CIC Failed
Cloud Execution Environment

Contents

1Introduction
1.1Alarm Description
1.2Prerequisites

2

Procedure
2.1Actions

3

Additional Information

1   Introduction

This instruction concerns alarm handling.

1.1   Alarm Description

The alarm is issued by the Managed Object (MO) CIC.

The alarm is issued when the periodic supervision algorithm detects that one of the three virtual Cloud Infrastructure Controllers (vCICs) has failed the availability test three consecutive times, and, after that, remains unavailable for more than five minutes.

The severity of the alarm is MAJOR or CLEARED.

The possible alarm causes and fault locations are explained in Table 1.

Table 1    Alarm Causes

Alarm
Cause

Description

Fault Reason

Fault
Location

Impact

One of the three vCICs is not available.

The vCIC has failed the availability test three times, and, after that, remains unavailable for more than five minutes.


Or the periodic monitoring task has identified that the vCIC has entered maintenance mode.

vCIC malfunction

vCIC

One of the three vCICs becomes permanently unavailable or remains in maintenance mode.

The following is the consequence for the node if the alarm is not solved:

The alarm attributes are listed in Table 2.

Table 2    Alarm Attributes

Attribute Name

Attribute Value

Major Type

193

Minor Type

2031672

Managed Object Class

CIC

Managed Object Instance

Region=<name_of_the_region>,
CeeFunction=1,
CtrlDomain=1,
CIC=<name_of_the_vcic_host>

Specific Problem

CIC Failed

Event Type

other (1)

Probable Cause

lossOfRedundancy (77)

Additional Text

N/A(1)
or
maintenance mode(2)

Severity

MAJOR (4) or CLEARED

(1)   If the vCIC has failed the availability test three times, and after that, remains unavailable for more than five minutes.

(2)   If the periodic monitoring task has identified that the vCIC has entered maintenance mode.


1.2   Prerequisites

This section provides information on the documents, tools, and conditions that apply to the procedure.

1.2.1   Documents

Not applicable.

1.2.2   Tools

No tools are required.

1.2.3   Conditions

Before starting this procedure, ensure that the following conditions are met:

2   Procedure

This section describes the procedure to follow when this alarm is received.

2.1   Actions

  1. Try to access the failed node by SSH:

    ssh <user_id>@<vcic_ip_address>

    The hostname of the vCIC is displayed as the following:

    cic-1, cic-2, or cic-3

    If the personal user ID does not work, use the ceeadm user ID.
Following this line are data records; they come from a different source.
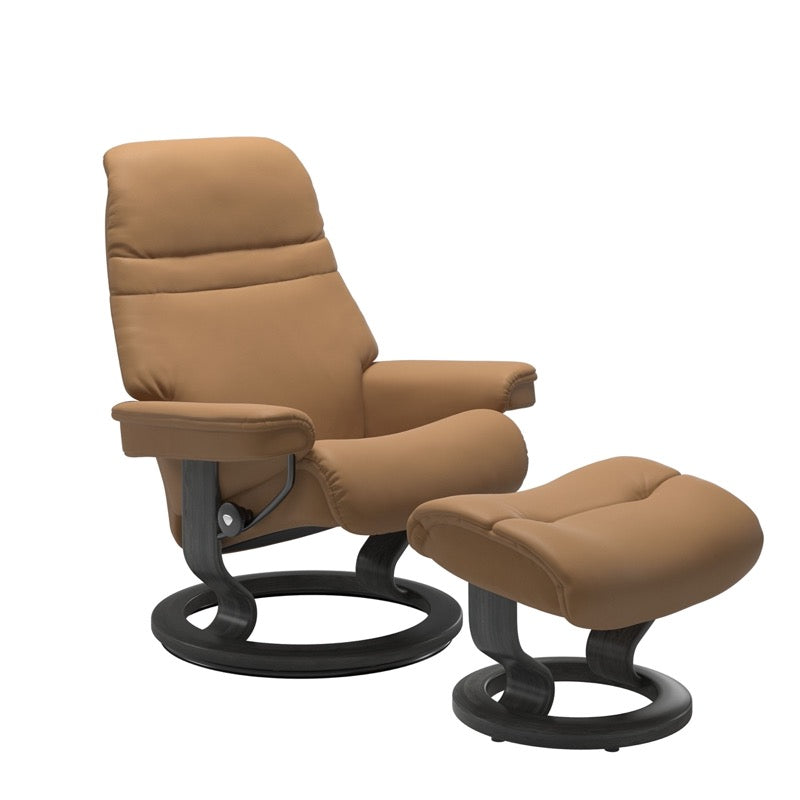 Stressless Sunrise Large Recliner and Ottoman with Classic Base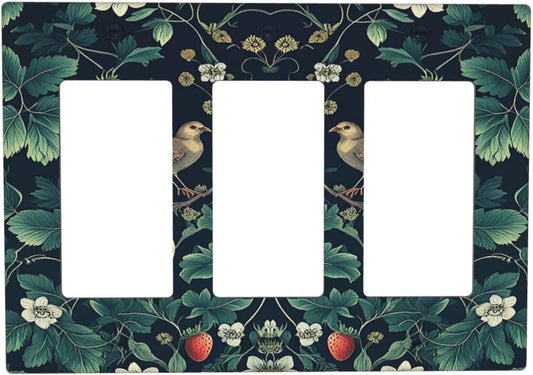 Light Switch Covers Strawberry Birds Flowers Plant Morris Floral 3 Gang Rocker Electrical GFCI Decorative Triple Outlet Wall Plate Cover Switchplate for Bedroom Farmhouse Decor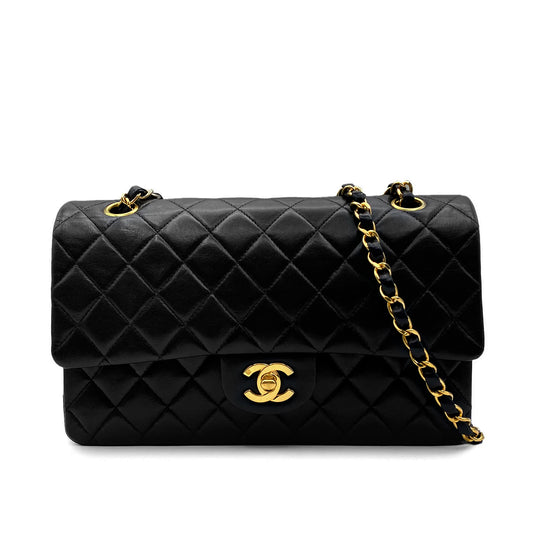 CHANEL VINTAGE CLASSIC FLAP MEDIUM CHAIN SHOULDER BAG BLACK LAMB SKIN 90214987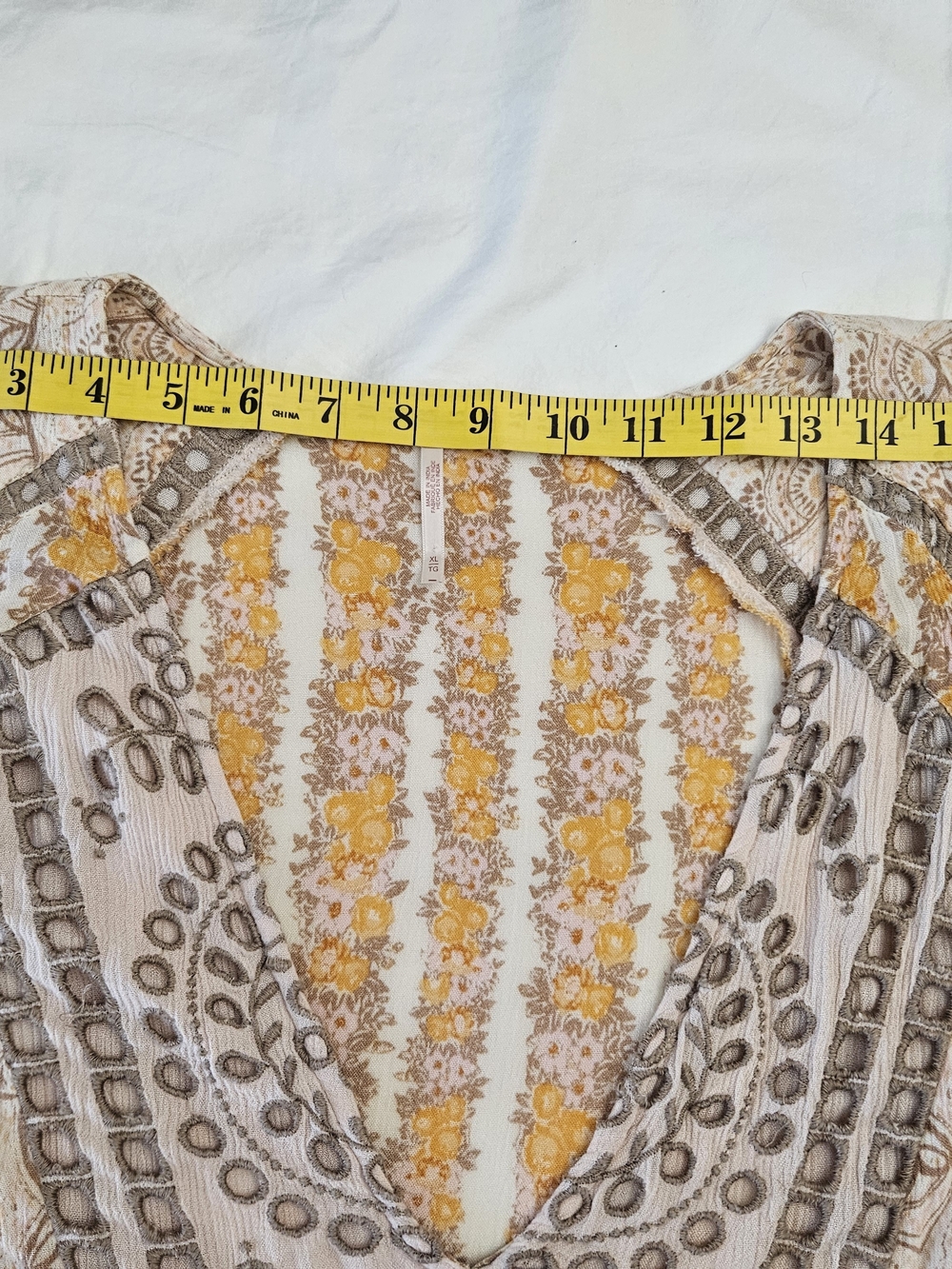 Free People Cream Floral Tunic with Mustard and Brown Accents - Picture 8 of 12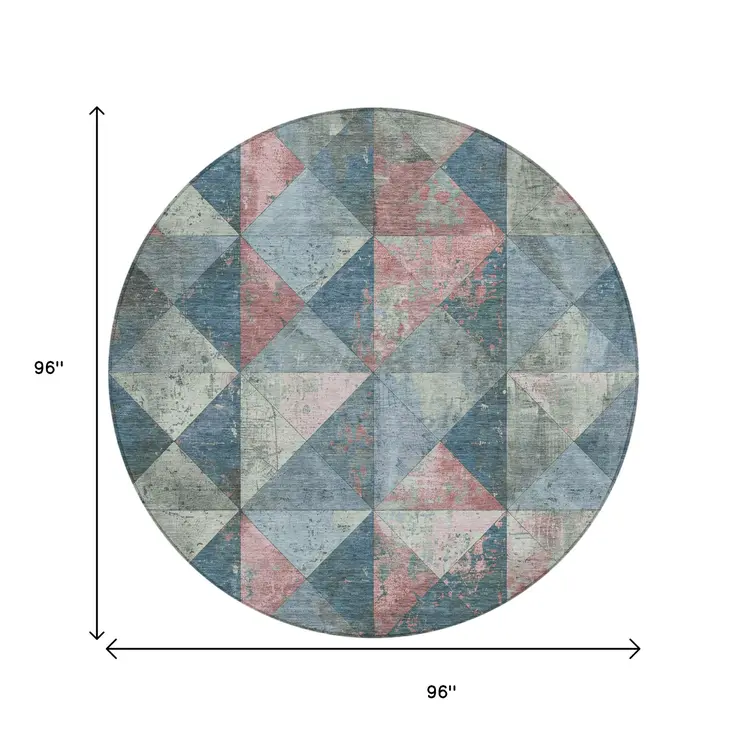 8' Denim Blue And Blush Round Geometric Washable Indoor Outdoor Area Rug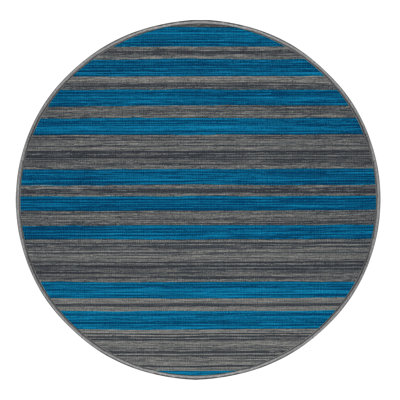 Tapis gris à rayures horizontales lavable à la machine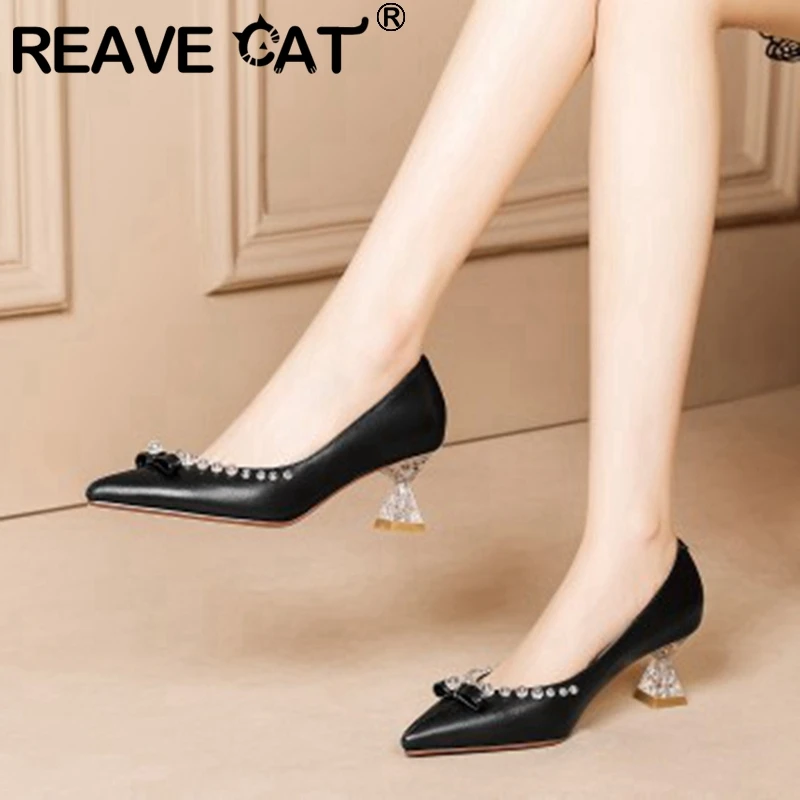 

REAVE CAT Ladies Pumps 2021 New Pointed Toe 6cm Spike Strange Heels Bowtie Crystal Genuine Leather Size 43 Wedding Date A3343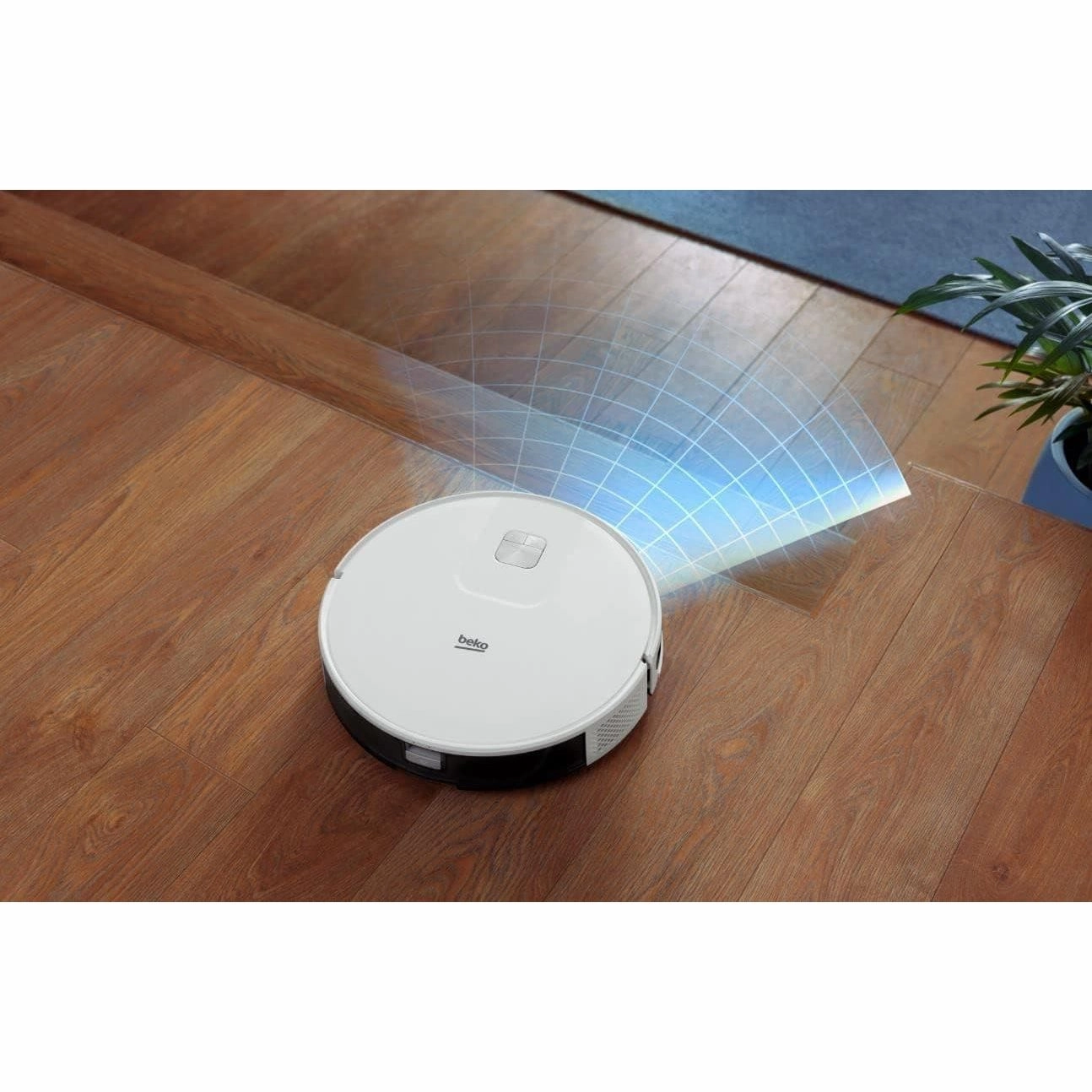 Beko VRR60314VW Robot Vacuum Cleaner - 2000Pa Suction, 150 Min Run Time, 4 Cleaning Modes, Mop & Water Tank, WiFi/Smartphone Compatible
    The following scenarios are possible:

    • The node can be accessed. In this case, proceed to Step 2, and carry out all subsequent steps.
    • Or the node cannot be accessed. In this case, proceed to Step 4, and carry out all subsequent steps.
  2. Check the Additional Text attribute of the alarm. If the value is maintenance mode, reboot the vCIC with the following command:

    sudo umm off reboot

    For a regular reboot, issue the following command:

    sudo reboot -f

    After a successful reboot proceed to Step 3.

    Note:  
    The user must have sudo privileges to be able to run this command.

  3. Wait at least five minutes to see whether the alarm has ceased.

    If the reboot solved the problem and the alarm is ceased, exit this procedure.

    If the reboot did not solve the problem, collect troubleshooting data as described in the Data Collection Guideline, and contact the next level of maintenance support.

  4. Check whether the compute node on which the vCIC is running is available.

    To check where the vCIC is running, execute the following command on vFuel:

    fuel node | grep virt

    Access the compute by SSH:

    ssh <user_id>@<compute_node_where_node_is_running>

    If the personal user ID does not work, use the ceeadm user ID.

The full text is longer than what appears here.